Recently, President Buhari submitted and the congress is yet to approve the 2019 federal budget. That exercise did not just elicit interest among Nigerians, it made headline news. Various state governors have either submitted their 2019 state budget or in the process of doing so while the respective state legislature have approved or are debating on such budgets. While budgets are important to both the federal and state governments, they should be as important to individuals as well.
What is Budgeting
Budgeting is the process of creating and following an explicit plan for spending and investing the resources available to you.
Why do you need a budget
A budget helps you keep an eye on your finances? By monitoring your budget, you will be in a better position to uncover problems when they occur and even helps you to anticipate problems before they actually happen. Budgeting provides you with a means of financial self-evaluation and provides you with a guideline with which to measure your actual performance against the budget.
Guidelines for Creating a Budget
Creating a budget does not take an arm and a leg, it is not rocket science, but it can be psychologically inundating for those averse to record keeping. Though budgeting requires looking to the future, it starts with the past. The starting point for your budget is your personal financial statement, your check stubs, your pay slips, and projections of your income and expenses for the current year. It is better to have a year long budget divided into months because it affords you the opportunity to compare actuals with budgets as the year moves along, if you need to. For those who have computers and know how to use excel, budgets are easy to create and some proforma budget templates are easily downloadable and customizable from the internet.
Steps in Creating A Budget
Constructing or creating a budget is mainly a mechanical process that involves specific steps. Depending on what details or how granular you want the budget to be, here are the main steps to creating a budget:
Step 1: Estimate the family’s Annual Income
The first step in creating a budget is to identify the fixed amounts of income you expect from each income source like Salary, Bonus, House Rents, dividends, savings account interests, interest from bond or treasury bill investments etc
Step 2: Develop Estimates for Fixed and Discretionary Expenses
The second step is to identify which of your expenses are fixed and which are discretionary. Fixed expenses are those that are almost mandatory like house rent, school fees, utility bills, and expenses relating to feeding. Discretionary expenses are those that you can do without, if the need arises. They include vacation, house hold furnishings, special types of clothing, and gifts. Having identified and classified the expenses into mandatory or discretionary, it is time to estimate how much you would spend on each type monthly.

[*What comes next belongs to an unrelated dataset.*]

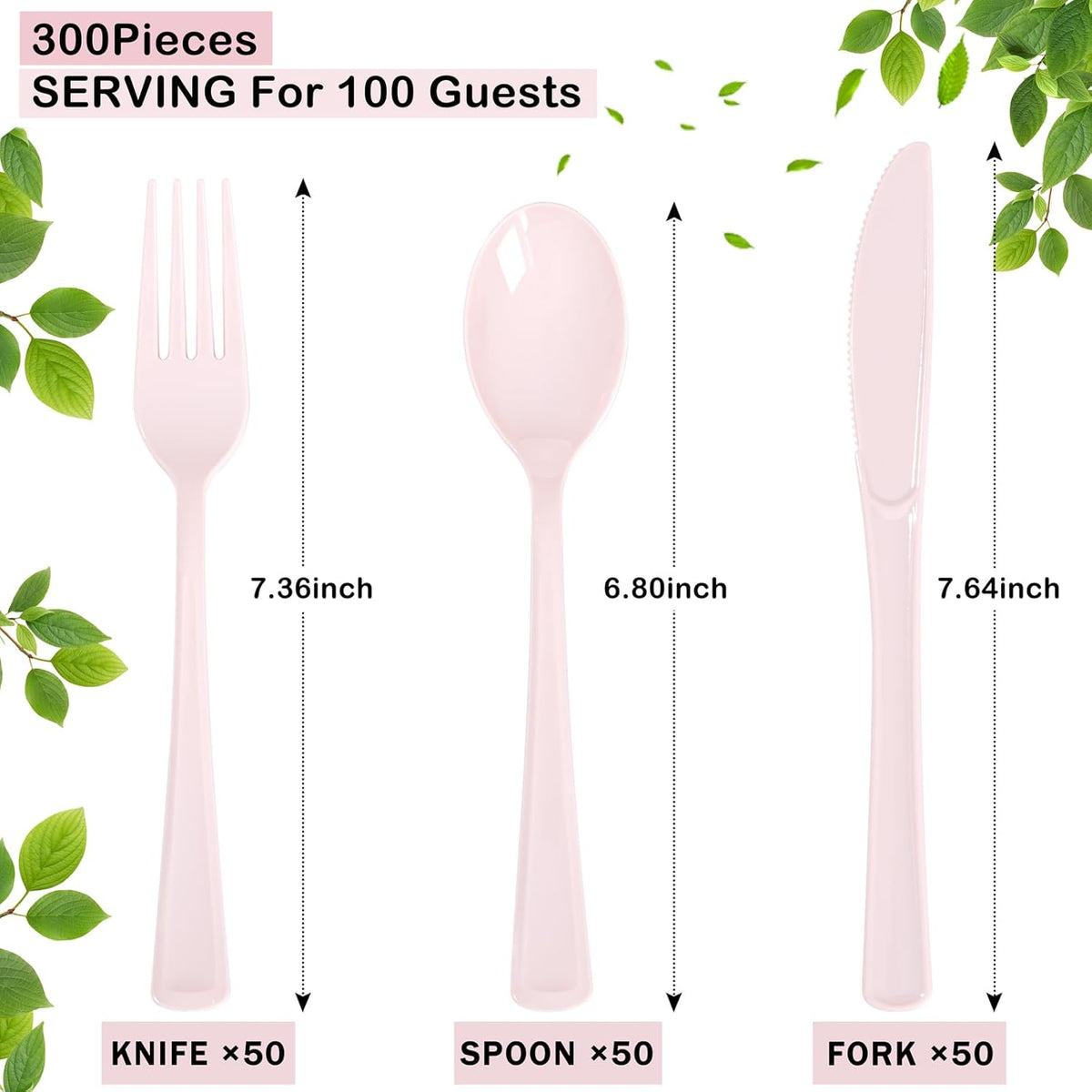 Supernal 300 Pieces Pink Plastic Silverware Heavy Duty Disposable Silverware Pink Utensils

Step 3: Determine the excess or shortfall of income within the budget period
This step calls for finding the difference between the number you arrived at in step 1 and that of step 2. Depending on your financial resources and needs flow, you may have surplus income in some months and shortfalls in other months.
Step 4: Consider Available methods of increasing income or decreasing expenses
Here comes the beauty of budgeting. It tells you in advance whether you will need to look for ways to increase your income or reduce your expenditure to stay afloat. So, if your net cash flow in step 3 is negative, then either income must increase, or expenses must decrease. This is the time to look for second or third job through freelancing, blogging or so. Alternatively, it may be time to take a second look at your discretionary spending to find out those expenses that you can defer for the future or cut out entirely.
Step 5: Monitor your budget to avoid extra budgetary spending
A budget is only useful if it does what it is supposed to do. It is useless if you do not adhere to it, then it becomes an exercise in futility. So, each month, compare your actual expenses against that months budget and see where you over or under spend. With that information, you can modify your budget making it as close to reality as possible.